Antes mesmo de suscitar o interesse do público pela obra, o professor auxiliar da Universidade de Cabo Verde (Uni-CV) ganhou a assistência pela simpatia e por essa rara humildade que caracteriza os seres maiores, num discurso coloquial, sem recurso a chavões ou palavras inatingíveis, numa oratória direcionada para um público maioritariamente jovem.

Um tema de paixões e arrebatamentos

A Madeira coube a difícil tarefa de se envolver num tema que, não raras vezes, suscita paixões e arrebatamentos quase sempre inexplicáveis à luz da “ciência”. É que a construção da Nação caboverdiana gravita em polos interpretativos e analíticos entrincheirados em capelas ideológicas e tacticismos políticos, pelo menos assim tem acontecido até hoje, aliás, para grande pena de um público jovem que, em crescendo, pretende (re)encontrar-se com a História do seu país e o percurso secular da Nação que produziu esse ser extraordinário e único que sobressai no seio da mestiçagem: o crioulo destas ilhas.

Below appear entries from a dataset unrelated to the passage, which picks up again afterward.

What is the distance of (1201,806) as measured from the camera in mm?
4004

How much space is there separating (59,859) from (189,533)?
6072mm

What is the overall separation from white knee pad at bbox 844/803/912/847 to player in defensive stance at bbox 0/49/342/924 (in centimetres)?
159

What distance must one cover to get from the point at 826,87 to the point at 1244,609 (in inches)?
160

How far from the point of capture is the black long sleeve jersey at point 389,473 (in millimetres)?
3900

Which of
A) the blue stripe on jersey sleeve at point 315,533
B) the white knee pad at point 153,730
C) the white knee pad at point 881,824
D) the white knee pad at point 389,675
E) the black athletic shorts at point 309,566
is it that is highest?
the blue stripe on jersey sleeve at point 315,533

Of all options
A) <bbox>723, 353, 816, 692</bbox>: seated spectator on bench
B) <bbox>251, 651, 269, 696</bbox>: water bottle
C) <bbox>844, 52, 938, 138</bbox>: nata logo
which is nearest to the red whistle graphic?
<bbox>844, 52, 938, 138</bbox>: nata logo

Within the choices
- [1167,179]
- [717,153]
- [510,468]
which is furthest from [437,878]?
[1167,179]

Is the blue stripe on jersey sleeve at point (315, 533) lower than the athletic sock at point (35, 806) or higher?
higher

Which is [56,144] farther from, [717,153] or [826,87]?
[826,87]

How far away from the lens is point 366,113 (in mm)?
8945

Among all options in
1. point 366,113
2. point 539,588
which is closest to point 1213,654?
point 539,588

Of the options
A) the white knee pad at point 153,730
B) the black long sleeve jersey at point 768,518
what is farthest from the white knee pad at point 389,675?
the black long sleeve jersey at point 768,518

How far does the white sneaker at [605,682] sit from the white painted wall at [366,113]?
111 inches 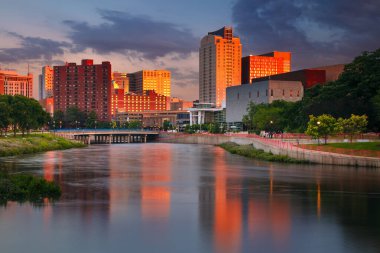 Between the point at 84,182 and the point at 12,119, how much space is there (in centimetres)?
6827

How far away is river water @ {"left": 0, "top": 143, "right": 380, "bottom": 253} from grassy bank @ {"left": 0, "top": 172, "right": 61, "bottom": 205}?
4.58 ft

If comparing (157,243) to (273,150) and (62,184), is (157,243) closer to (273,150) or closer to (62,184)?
(62,184)

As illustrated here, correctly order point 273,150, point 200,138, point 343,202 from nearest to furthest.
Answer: point 343,202
point 273,150
point 200,138

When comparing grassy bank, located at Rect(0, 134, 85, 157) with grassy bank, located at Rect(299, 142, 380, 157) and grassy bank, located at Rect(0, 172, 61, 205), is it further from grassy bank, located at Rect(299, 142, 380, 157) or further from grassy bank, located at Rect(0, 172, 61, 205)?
grassy bank, located at Rect(299, 142, 380, 157)

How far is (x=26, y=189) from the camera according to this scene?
43.4 metres

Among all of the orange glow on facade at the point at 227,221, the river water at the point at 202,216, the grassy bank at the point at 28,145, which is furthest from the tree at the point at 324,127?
the grassy bank at the point at 28,145

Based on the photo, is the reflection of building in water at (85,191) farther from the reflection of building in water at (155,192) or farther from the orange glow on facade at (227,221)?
the orange glow on facade at (227,221)

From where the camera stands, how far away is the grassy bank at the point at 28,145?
94250mm

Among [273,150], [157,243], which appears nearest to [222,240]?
[157,243]

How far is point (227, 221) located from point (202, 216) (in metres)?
2.51

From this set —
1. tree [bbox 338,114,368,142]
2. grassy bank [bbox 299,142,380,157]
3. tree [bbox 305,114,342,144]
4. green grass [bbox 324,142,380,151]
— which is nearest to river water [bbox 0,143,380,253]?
grassy bank [bbox 299,142,380,157]

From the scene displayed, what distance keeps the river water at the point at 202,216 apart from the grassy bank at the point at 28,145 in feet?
126

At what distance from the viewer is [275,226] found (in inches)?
1302

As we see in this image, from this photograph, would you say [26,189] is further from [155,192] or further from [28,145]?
[28,145] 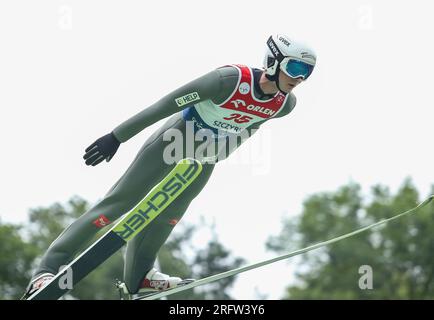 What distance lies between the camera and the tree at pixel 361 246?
42156 mm

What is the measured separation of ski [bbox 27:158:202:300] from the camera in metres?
8.78

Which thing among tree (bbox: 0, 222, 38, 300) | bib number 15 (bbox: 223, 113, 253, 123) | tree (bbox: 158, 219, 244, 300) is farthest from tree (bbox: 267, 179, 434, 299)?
bib number 15 (bbox: 223, 113, 253, 123)

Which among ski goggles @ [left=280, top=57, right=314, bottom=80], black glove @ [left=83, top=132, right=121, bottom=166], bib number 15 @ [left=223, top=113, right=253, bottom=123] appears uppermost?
ski goggles @ [left=280, top=57, right=314, bottom=80]

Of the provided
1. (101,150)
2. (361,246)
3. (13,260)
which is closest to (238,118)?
(101,150)

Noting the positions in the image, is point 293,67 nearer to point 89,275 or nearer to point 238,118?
point 238,118

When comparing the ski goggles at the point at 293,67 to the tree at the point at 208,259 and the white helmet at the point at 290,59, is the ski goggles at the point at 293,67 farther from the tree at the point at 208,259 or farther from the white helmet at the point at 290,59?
the tree at the point at 208,259

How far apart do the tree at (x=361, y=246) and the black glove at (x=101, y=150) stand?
31.5 m

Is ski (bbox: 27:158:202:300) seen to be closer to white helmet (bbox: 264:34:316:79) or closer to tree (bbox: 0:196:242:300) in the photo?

Processo histórico e nacionalidade

Partindo dessa singularidade, João Paulo Madeira convida-nos a reflectir sobre o “movimento histórico “ que, a partir do século XV, com o povoamento, inicia o processo de construção da Nação caboverdiana resultante de diversos padrões socioculturais.

A identidade nacional decorre, assim, de factores diversos e contraditórios num resultado final especificamente caboverdiano não compaginável com visões redutoras que sempre têm vindo a animar o debate quando o tema é a nacionalidade, dividindo em quintais estanques africanistas e europeístas.

A singularidade deste Estado-Nação destaca-se dos padrões, das fronteiras e das divisões étnico-culturais que são característica dominante em todo o continente africano, talvez até por uma circunstância: com um desenho geográfico de um arquipélago composto por 10 ilhas, Cabo Verde fugiu ao traçado fronteiriço gizado a régua e esquadro pelas então potências coloniais.

Língua e identidade

Nesta singularidade, a língua-mãe (o crioulo) adquire relevância de topo no movimento histórico de identificação e representação social, funcionando como fator identitário e de unidade nacional, e, como refere o autor, “espelho da identidade caboverdiana”.

Vale a pena ler, com toda a atenção que as grandes obras merecem, este “Nação e Identidade – A Singularidade de Cabo Verde”, onde João Paulo Madeira expurga o debate respeitante à identidade caboverdiana de simples considerações políticas e de preconceitos ideológicos. Sente-se a magia da História ao longo das 230 páginas editadas pela Livraria Pedro Cardoso.

O autor

Professor Auxiliar da Universidade de Cabo Verde (Uni-CV), Doutor em Ciências Sociais pela Universidade de Lisboa (ISCSP) e investigador do Centro de Investigação em Ciências Sociais e Políticas (CICSP-Uni-CV) e do Centro de Administração e Políticas Públicas (CAPP-ISCSP-UL). Obteve em 2009 o prémio UTL/Santader Totta, «Melhores Estudantes da UTL», relativo ao ano letivo de 2008/09, após conclusão de mestrado em Estudos Africanos. Foi Bolseiro de Doutoramento da Fundação para a Ciência e Tecnologia e, em 2018, Bolseiro da Fundação Calouste Gulbenkian de Pós-doutoramento no âmbito da Rede de Estudos Ambientais em Países da Língua Portuguesa (REALP).

Tem cerca de três dezenas de artigos publicados em revistas com arbitragem científica. Tem como áreas de interesse o problema do desenvolvimento e da construção do Estado e da Nação em África, Relações Internacionais e Estudos da Conjuntura.